Hi, Terry, I’m not sure but it seems to be easy to do the glaze so maybe try again another time.
Brion Kidder says
Terry I made it last night, and the same result. I will make the cake again, but never that icing. It was ridiculously sweet, and the cake didn’t need it. IMHO.
Zelma Martin says
Do you use self-rising flour in this cake?
I think it’s all purpose flour if it doesn’t say self rising.
Brion Kidder says
It is a memorably delicious cake, although it is so dense it’s more like an autumn banana bread. I think the recipe needs a few teaspoons of baking powder to lighten it up. The cake is also far, far too sweet with the added icing. In fact the cake would be fine with just 1c of sugar in the batter, and omit the sugary buttermilk icing altogether.
Oh the buttermilk icing is my fave!
Dawn M says
Cake is excellent! Followed the recipe exactly and turned out beautifully. Does it need to be stored in the refrigerator?

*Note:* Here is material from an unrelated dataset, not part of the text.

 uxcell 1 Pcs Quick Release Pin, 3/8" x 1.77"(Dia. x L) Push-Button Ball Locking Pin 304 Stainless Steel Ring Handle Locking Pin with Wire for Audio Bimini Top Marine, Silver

I think it would be good to put in fridge especially in summer weather. We always do and then I sometimes heat in microwave for 15 sec. when I slice it cold.
Michelle A. says
In July a friend was gifted a huge amount of figs from another friend and didn’t know what to do with them all beyond making her own jam and preserves. I did a quick search and found your fig cake recipe. I took some of her figs home and made the cake that night. So quick and easy! Served it the next day back at my friends house to our weekly Bible Study group. SMASH HIT! Requests for more, so I told them I’d make another when my figs came in in August. Well, we ended up postponing more meetings until fall. But I made another cake and gave it to the first friend mentioned. Then another in the group called and asked me for a fig cake. I made two for her! Making another today for my family, nd putting chopped figs in the freezer to make more cakes this winter! This cake is wonderful! Aromatic and delicious! A big hit with everyone! So glad I found your blog!
Thank you for letting me know! That is a great fig cake recipe for sure.

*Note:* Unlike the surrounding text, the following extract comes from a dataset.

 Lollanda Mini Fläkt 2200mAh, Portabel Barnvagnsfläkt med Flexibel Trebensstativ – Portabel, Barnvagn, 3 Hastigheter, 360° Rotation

Ok. I have figs at the ready. But no buttermilk. I can substitute in whole milk with yogurt or acidified whole milk in the cake but I’m worried about what would happen if I use either of these in the glaze. Do you think they will separate out. Or can I sub just whole milk? Any ideas?
HI, Bonny, I’m not sure but I think you could use the sub in the glaze, I’m not an expert baker so don’t hold me to it, but I would try it.
You can make buttermilk by mixing 1 teaspoon white vinegar in 1 cup whole milk. Before using, let it sit about 10 minutes to develop flavor.
I cannot wait for my neighbors figs to ripen each year just to make this cake! It’s a new favorite! Everyone I’ve shared it with agrees. I use whole milk instead of buttermilk, walnuts instead of pecans, and omit the icing. It works fine. Now I’ll try to freeze some figs so I can enjoy this later in the year too!
It’s a great cake, glad you enjoy too!
So, the glaze recipe is confusing. It says 1. 1/2 cup buttermilk. I thought that meant 1 and 1/2 cups buttermilk. The glaze was way too runny. If the rest of the glaze ingredients were numbered, I would have interpreted it as being 1/2 cup. BUT EITHER WAY, the cake was absolutely delicious! I had a lot of glaze left over. My boyfriend said I needed to make this again. 😀
Sorry about that. It’s 1/2 cup buttermilk. I guess the recipe widget is confusing with the numbers. I can’t take out the numbers, that’s the way it lists things. But I did spell out one-half cup.
hi I was wondering if you can use preserved figs in the place of fresh figs.. thanks.. looking forward to trying this cake
Hi, Michelle, I’m sure you could, maybe cut some of the sugar but give it a try.